__Task directions__
First find the line with "DeWalt Handkreiss&auml;ge DWE576K-QS" in the entries below, then set down exactly every line through the line with "Thomas Clement Thompson (1780-1857)", that line included.

__Entries supplied__
┌──

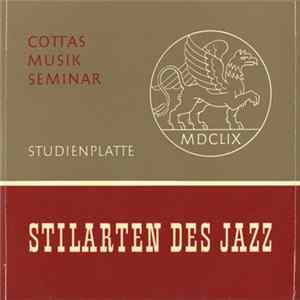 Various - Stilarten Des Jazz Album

└──
┌──

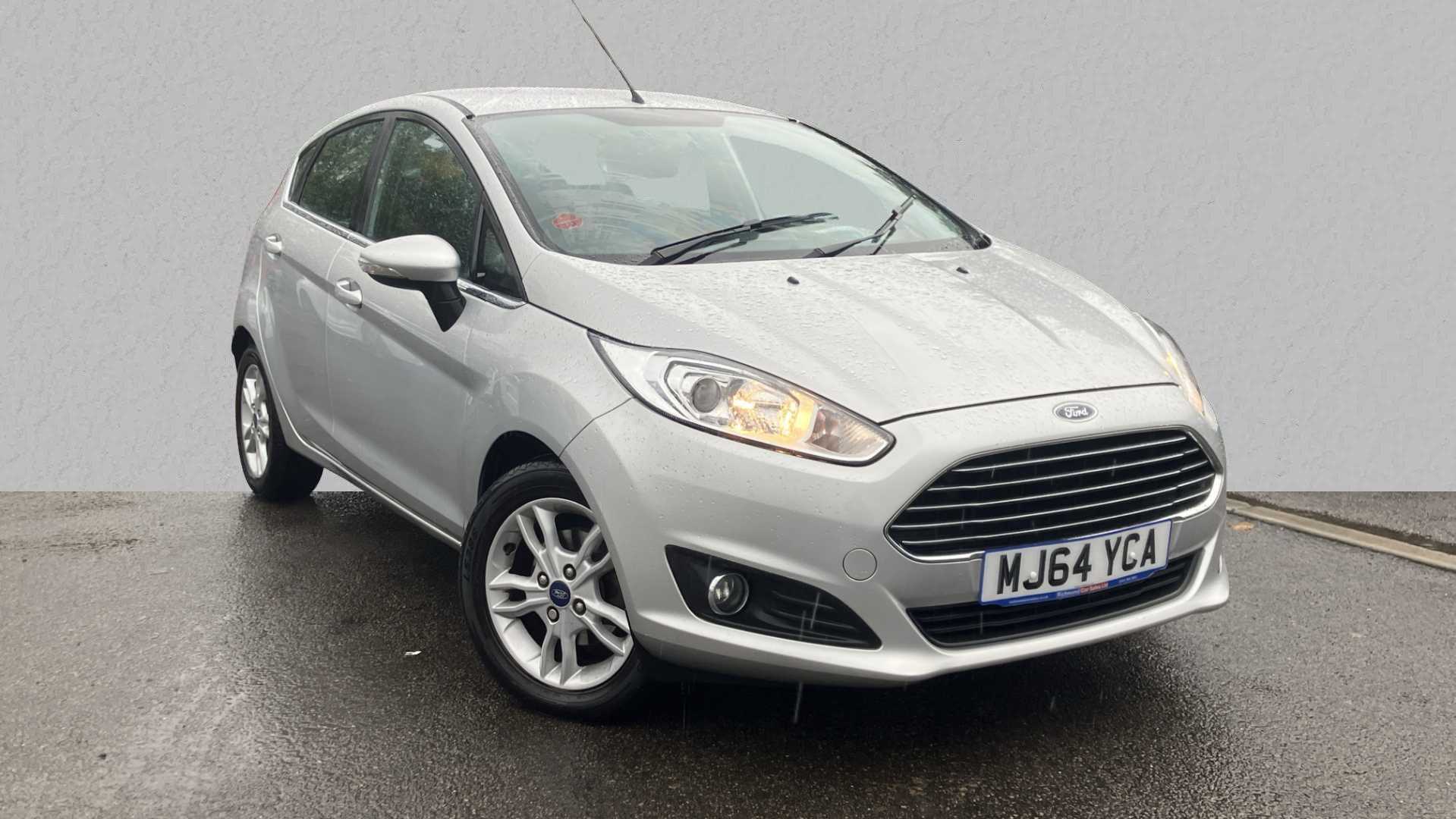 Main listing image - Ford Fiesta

└──
┌──

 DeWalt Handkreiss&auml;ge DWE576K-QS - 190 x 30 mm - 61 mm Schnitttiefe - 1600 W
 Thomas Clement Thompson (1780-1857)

└──

__Answer to this problem__
 DeWalt Handkreiss&auml;ge DWE576K-QS - 190 x 30 mm - 61 mm Schnitttiefe - 1600 W
 Thomas Clement Thompson (1780-1857)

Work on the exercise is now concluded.